BANJARUPDATE.COM, BANJARMASIN – Nafsu seringkali membuat seseorang terperosok dalam kubangan masalah. Karena itu, Nafsu mestinya dapat dikontrol. Sehingga, tak lagi membuat keresahan. Sebaliknya, dengan kontrol diri terhadap nafsu tersebut akan mendatangkan ketenangan. Nah, langkah pertama untuk mengendalikan nafsu adalah dengan “berlapar”. Berlapar seperti apa yang dimaksud?
Diterangkan Tuan Guru H. Ahmad Zuhdiannoor, berlapar yang dimaksud adalah menahan hawa nafsu. Sebab, nafsu adalah makhluk yang paling nakal di alam semesta. Nafsu tak pernah kenyang. Karena itu, banyak orang yang menurut orang banyak hidup orang lain berlebihan (kaya raya). Akan tetapi, diri si orang kaya tersebut masih merasa kekurangan.
“Hal itu akibat dari mengabulkan nafsu,” ujar Guru dalam Majelis Taklim di Musala Darul Iman, Komplek Pondok Indah, Teluk Dalam Banjarmasin, Rabu (7/12) malam.
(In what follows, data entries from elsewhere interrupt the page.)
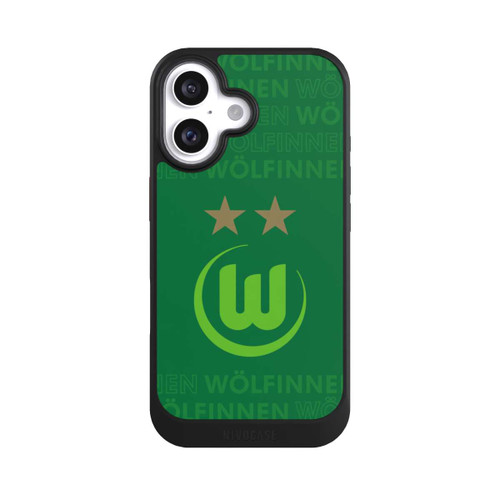  NIVOcore Wölfinnen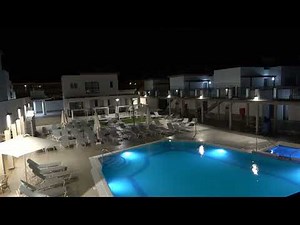 Broncemar Beach Hotel | Caleta de Fuste - Fuerteventura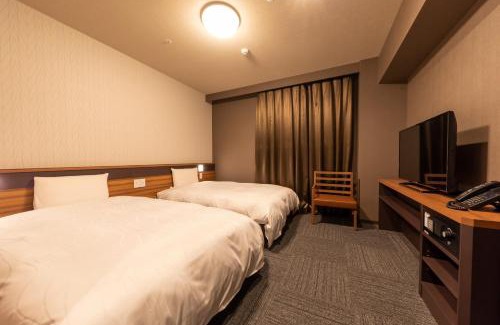 Kawasaki Hotel | Dormy Inn Kawasaki Natural Hot Spring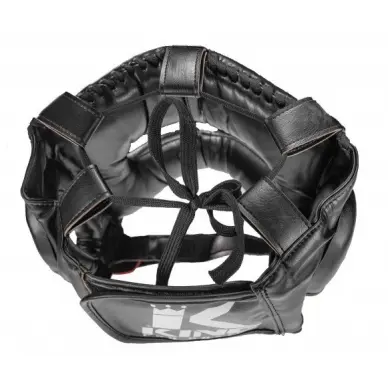 Casque de boxe sparring King Pro Boxing - 3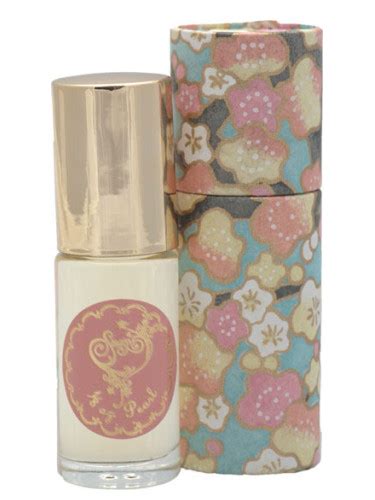 Pearl Sage Machado Parfum Un Parfum Pour Femme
Dengan demikian, batasi keinginan nafsu dengan menyukuri apa yang ada, dan menyelaraskan antara keperluan dan rezeki yang dimiliki. “Kalau hanya memiliki sepeda syukuri. Sebab, banyak orang yang mengendarai motor yang mengeluh karena harga BBM naik. Yang gaji satu juta, jangan menginginkan membeli mobil,” tutur beliau. Dan kalau pun terkabul untuk membeli mobil, suatu saat menginginkan hal yang lebih bagus daripada mobil, bisa saja pengen beli pesawat, dan seterusnya. Karena nafsu tak pernah puas, tambah Guru.
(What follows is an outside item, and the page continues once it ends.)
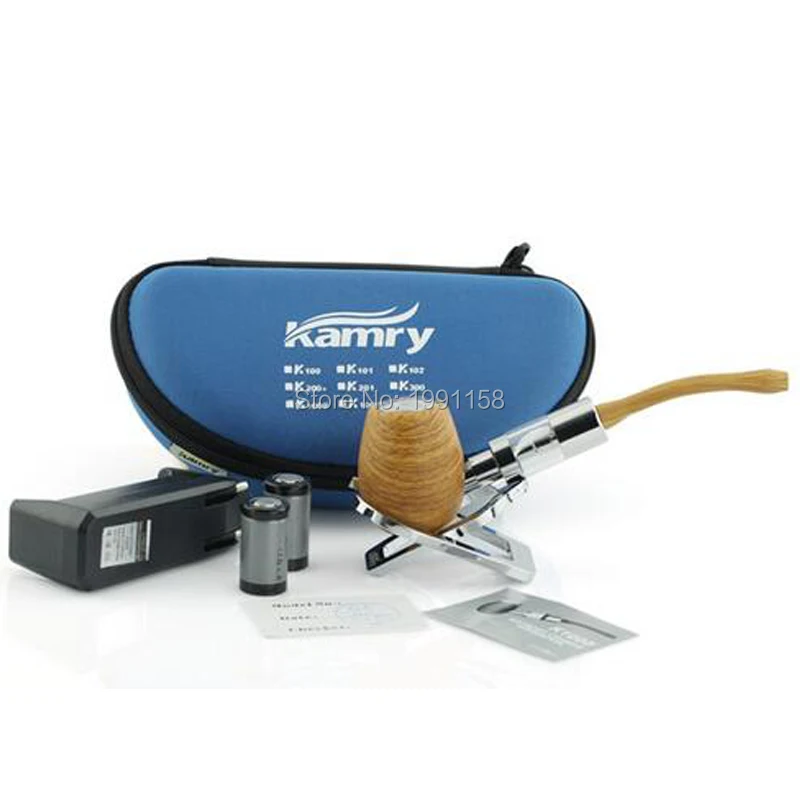 Kamry K1000 E трубы электронная сигарета Mod Kit Наборы vape 18350 Батарея электронной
Karena itu, sambung Abah Haji -begitu ulama ini dikenang- kunci untuk mengendalikan hawa nafsu adalah dengan membatasi makanan. Sebab, senjata untuk melumpuhkan nafsu adalah dengan lapar.
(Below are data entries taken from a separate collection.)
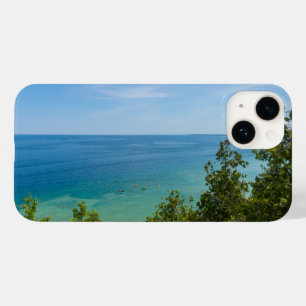 Huron Lookout Case-Mate iPhone Case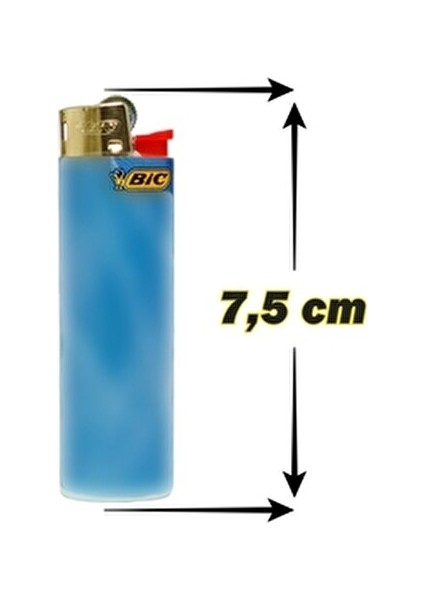 Taşlı Çakmak 3 Adet, Slim, Renk Seçenekli fiyatları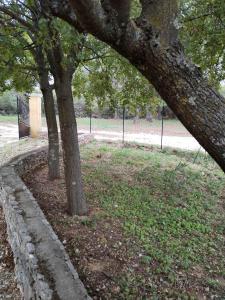 Gite la Picholine_Bourg Saint Andéol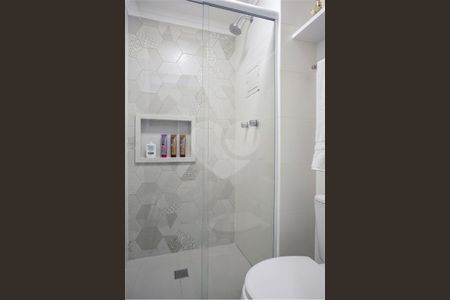 Apartamento à venda com 1 quarto, 38m² em Brooklin, São Paulo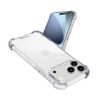 ShieldCase® ShieldCase iPhone 17 Pro Schockhülle (Transparent) ShieldCase® ShieldCase iPhone 17 Pro Schockhülle (Transparent)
“Kata Imam al Ghazali ada sepuluh kelebihan orang yang lebih memilih lapar daripada berlezat-lezat (makan). Pertama, akalnya pintar. Kedua, hatinya mudah tersentuh dengan apa yang ia baca, hingga ia bisa munajat kepada Allah dan terkadang bisa meneteskan air mata. Ketiga, hati merasa hina. Layaknya seperti orang biasa. Walaupun banyak mempunyai harta, tapi harta tersebut tidak membuatnya sombong. Keempat, orang yang lapar bisa membayangkan sakitnya lapar dengan sakitnya bala di akhirat (banyak ibadah). Kelima, dapat mengendalikan nafsu. Keenam, dapat menahan tidur yang berlebihan (8 jam cukup). Ketujuh, dengan berlapar badan seseorang lebih ramping, dan lebih ringan untuk melaksanakan ibadah. Delapan, badan sehat. Sembilan, pengeluaran uang tidak banyak. Karena, makan sedikit. Sepuluh, dengan pengeluaran uang yang sedikit tentu menyisakan uang yang lebih. Karena itu, uang yang lebih (tersisa) tersebut bisa digunakan untuk bersedekah,” ungkap beliau.
Dalam kesempatan itu pula, Abah Haji mengingatkan agar umat Islam tidak memiliki sifat gengsi. Sebab, gengsi adalah bentuk seseorang terpedaya dengan bujukan nafsu. “Syukuri apa yang ada, jangan peduli dengan pendapat orang lain. Jangan gengsi, gengsi itu bentuk kebodohan,” tambah Abah Haji.
Gengsi hanya akan membuat seseorang menambah permasalahan baru. Seperti, kalau tidak makan di Restauran, tidak mau makan. Padahal dengan berprinsip demikian, ia sudah terjebak dengan rayuan dunia, yang berarti melakukan kebodohan yang terselubung.
Ditambahlagi dengan aturan restauran yang macam-macam. Mesti pakai sendok, garfu, pisau, dan sebagainya, yang ujung-ujungnya malah mempersulit dirinya sendiri.
“Syukuri apa yang ada, jangan gengsi. Aku tidak ingin mendoakan umat Islam kaya. Sebab, banyak orang beriman yang kemudian kaya, malah terpedaya dengan kekayaan dan mencintai dunia. Contohnya Sa’labah. Meminta doakan kaya kepada Nabi. Namun ketika sudah kaya, ia terpedaya dengan kekayaannya dan lupa dengan kewajibannya sendiri, salat berjamaah tidak terlihat, dan tidak mau membayar zakat. Hal itu pun terjadi di masa sekarang. Banyak yang meminta didoakan kaya dengan para ulama. Setelah kaya, tak kelihatan lagi (batang hidungnya), nomor handphone diganti,” tutur Abah Haji, yang disambut gelak tawa jemaah.
Penulis: Muhammad Bulkini
Catatan: berita ini sebelumnya telah terbit di koran Media Kalimantan.